CREATE TABLE my_dataset.paywall_subscriptions (
subscription_id STRING,
event_timestamp DATETIME,
hem STRING,
subscription_status STRING, -- active, cancelled, renewed, expired
plan_type STRING, -- monthly, annual, trial
plan_price FLOAT64,
currency STRING,
payment_method STRING,
cancellation_reason STRING,
renewal_date DATETIME,
created_at DATETIME
);

3. Event table — Content Consumption

CREATE TABLE my_dataset.content_events (
event_id STRING,
event_timestamp DATETIME,
hem STRING,
fp_cookie_id STRING,
event_type STRING, -- pageview, video_play, article_like, comment
page_url STRING, -- absolute URL for Interest analysis
content_category STRING, -- e.g. Politics, Sports, Lifestyle
device_class STRING,
browser STRING,
country STRING,
referrer STRING,
gclid STRING,
created_at DATETIME
);

4. Event table — UGC Ads / Classifieds

CREATE TABLE my_dataset.ugc_ads (
ugc_ad_id STRING,
event_timestamp DATETIME,
ugc_user_id STRING,
hem STRING,
ad_category STRING, -- Cars, Real Estate, Jobs
ad_title STRING,
ad_value FLOAT64,
currency STRING,
ad_status STRING, -- posted, updated, removed
engagement_count INT64, -- views, clicks
created_at DATETIME
);

Basket JSON (optional, for paywall upsells)

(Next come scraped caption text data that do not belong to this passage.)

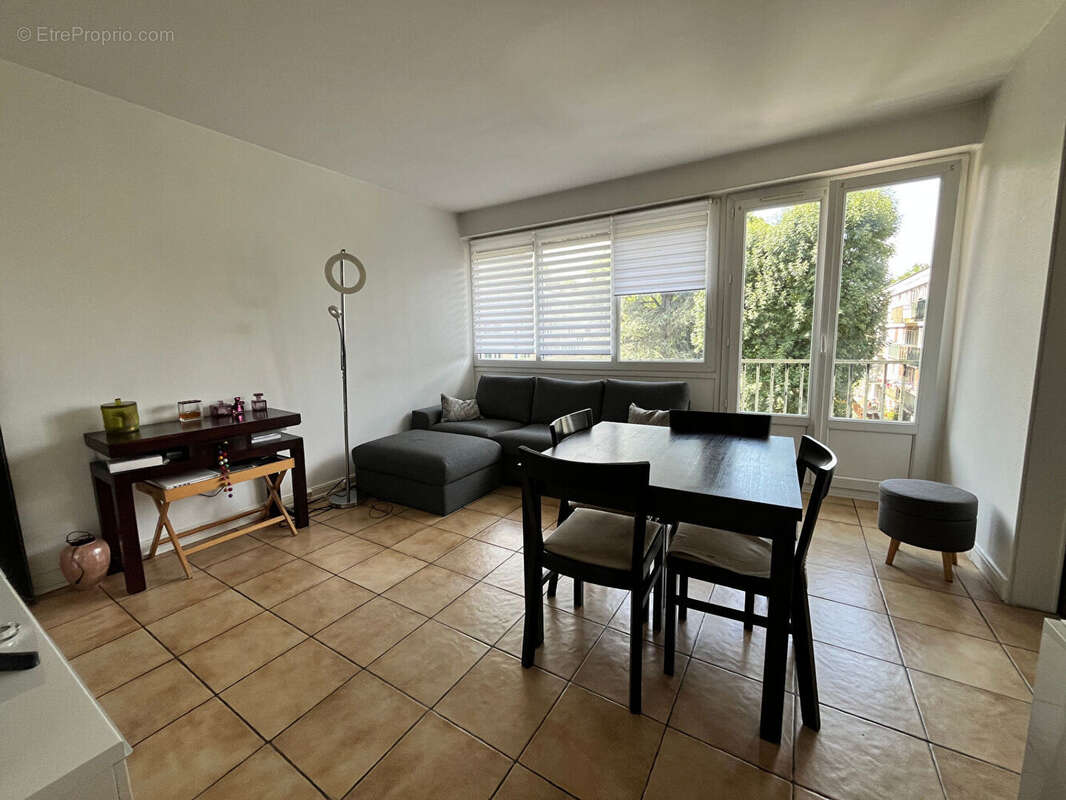 Appartement à MORSANG-SUR-ORGE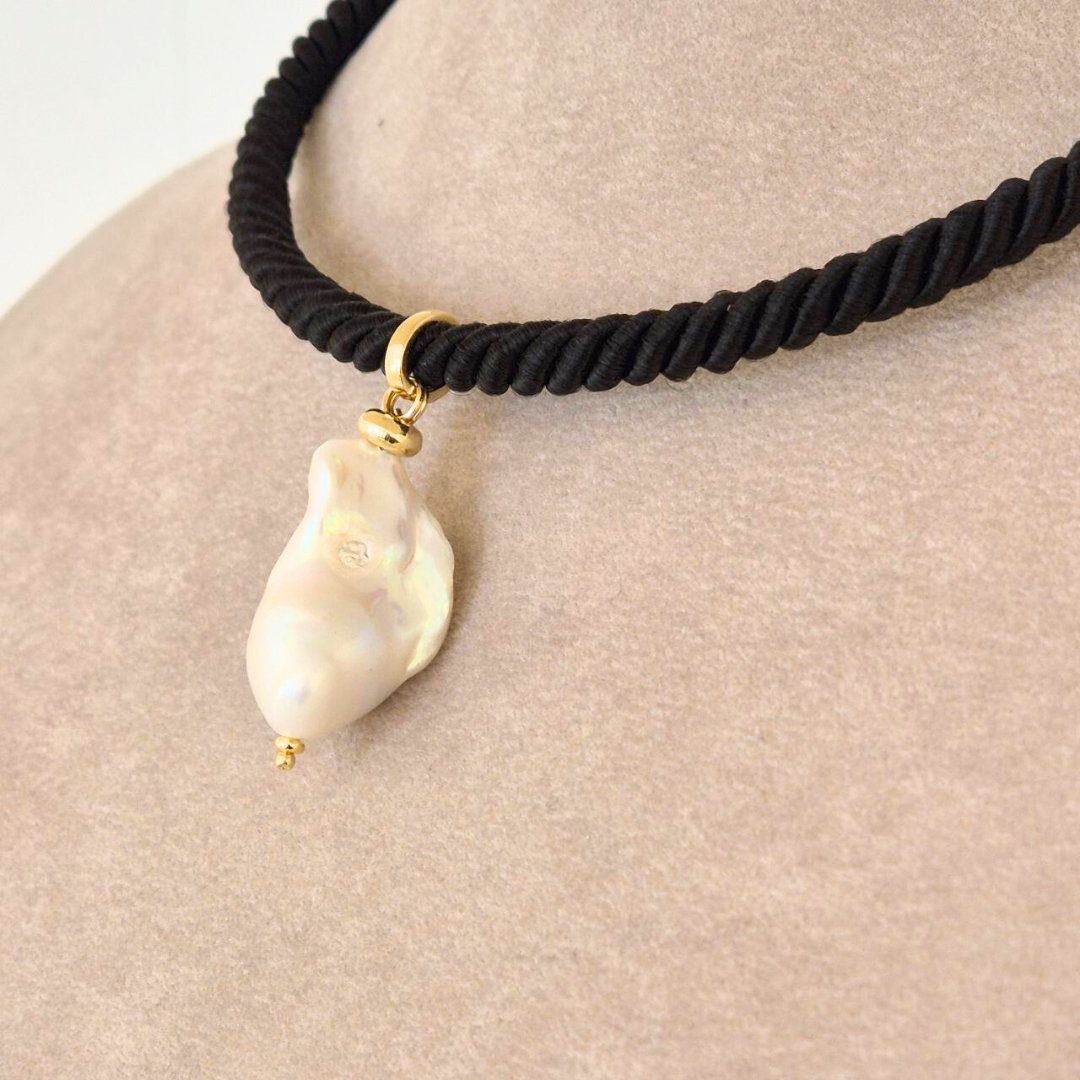 Collana con cordone a girocollo rigido in Argento 925 dorato con pendente in Perla Scaramazza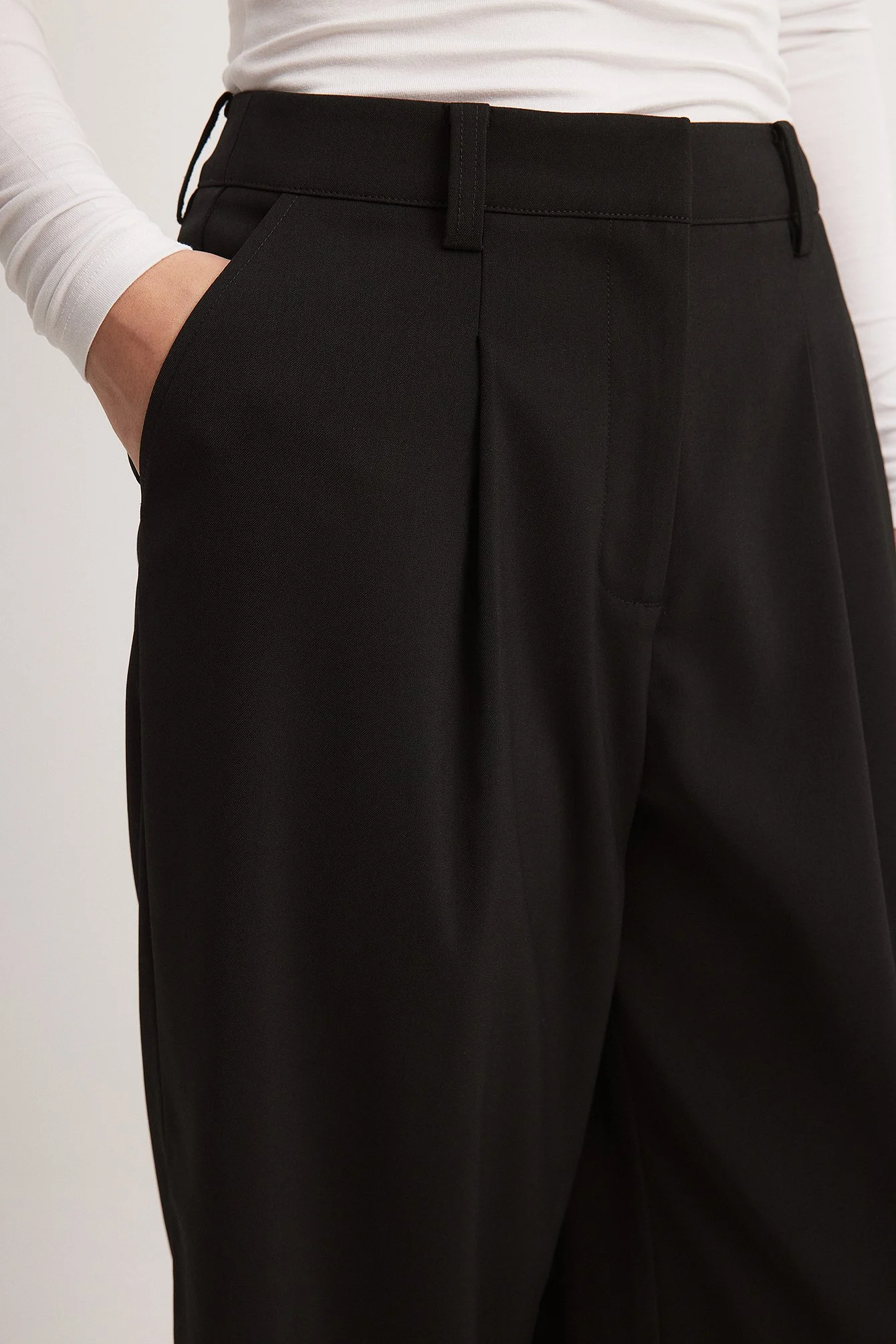Spitz zulaufende Anzughose mit hoher Taille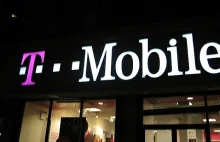 Klienci T-Mobile wściekli. Nowa opłata i awaria biura obsługi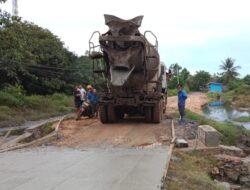 Dorong Perekonomian Masyarakat, PT VDNIP Bangun Jalan Beton di Desa Tani Indah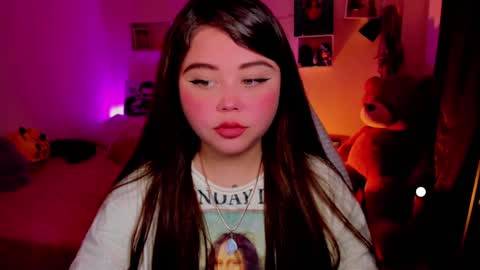   Independent model  online show from March 2, 3:13 am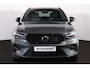 Volvo XC40 B3 Plus Dark - IntelliSafe Assist & Surround - 360º Camera - Harman/Kardon audio - Verwarmde voorstoelen - Parkeersensoren voor & achter - Draadloze tel. lader - Extra getint glas - Inklapbare trekhaak - 18' LMV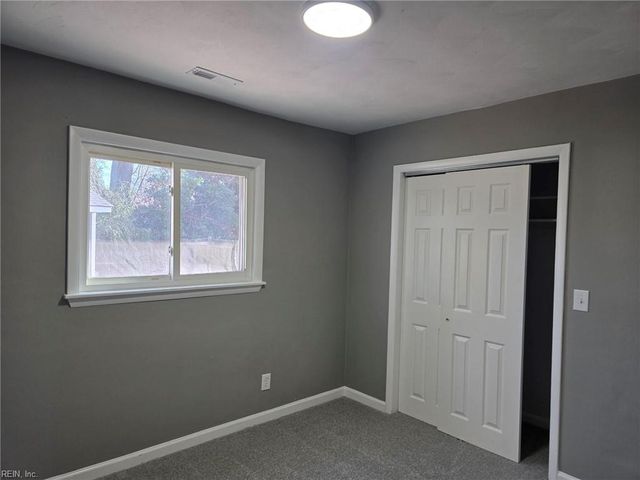 4701 Deerfield LN, Virginia Beach, VA 23455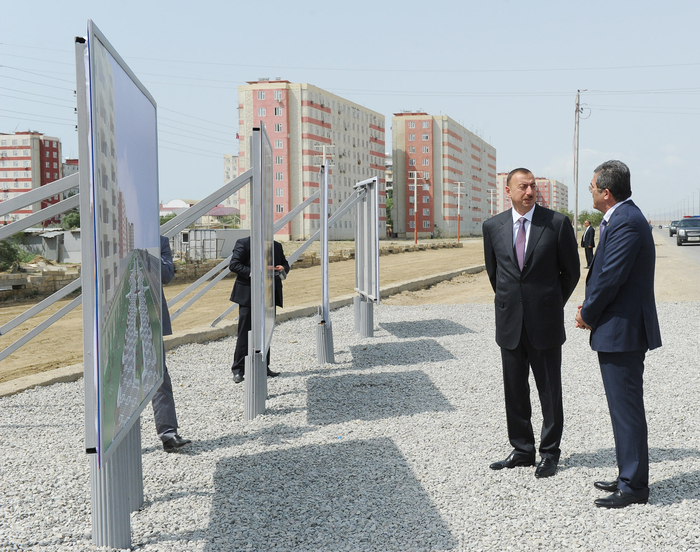 Prezident İlham Əliyev Sahil qəsəbəsində salınacaq yeni parkın ərazisinə baxıb  (FOTO)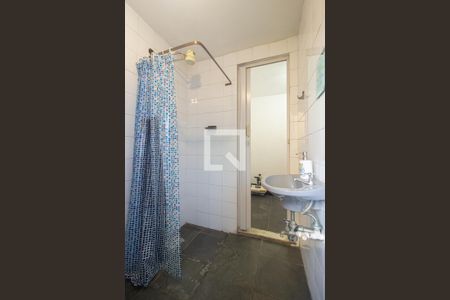 Casa à venda com 240m², 3 quartos e 2 vagas Casa à venda com 240m², 3 quartos e 2 vagasBanheiro da Suíte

If the paywall includes upsells (eBooks, courses), use the basket format:

[
{
"product_id": "EBOOK_2025_01",
"product_name": "AI in Journalism",
"product_category": "Ebooks||Technology",
"product_price": 9.99,
"product_quantity": 1
}
]

Do & don't summary

✅ Do❌ Don't
Track subscription history as eventsOverwrite subscription_status in one row
Store absolute URLs for content eventsDrop attribution params (utm, gclid)
Keep hashed email consistent across newsletter/paywall/UGCHash without normalization
Model UGC postings as eventsJust store "number of ads" per user
Add content_category for interest analysisRely only on titles
Store renewals/cancellations explicitlyOnly track a current subscription flag

How BPP uses these tables

  • Action Prediction — Positive = subscription renewal, ad posting; Negative = cancellation, unsubscribe. Features: open/click rates, content affinity, UGC engagement.
  • pcLTV — Transactions = paywall payments + UGC fees. Value = subscription + upsell spend.
  • RFM — Recency = last payment / newsletter open. Frequency = content views / ads posted. Monetary = total revenue (paywall + UGC).
  • Interest — From content categories (Politics, Sports, …) or via topic classification on page_url.

Why this design works

  • Multiple business lines unified (newsletter, paywall, UGC).
  • Event-based modelling captures real user journeys.
  • Hashed email ensures cross-channel activation.
  • Content categories + URLs power Interest Analysis and segmentation.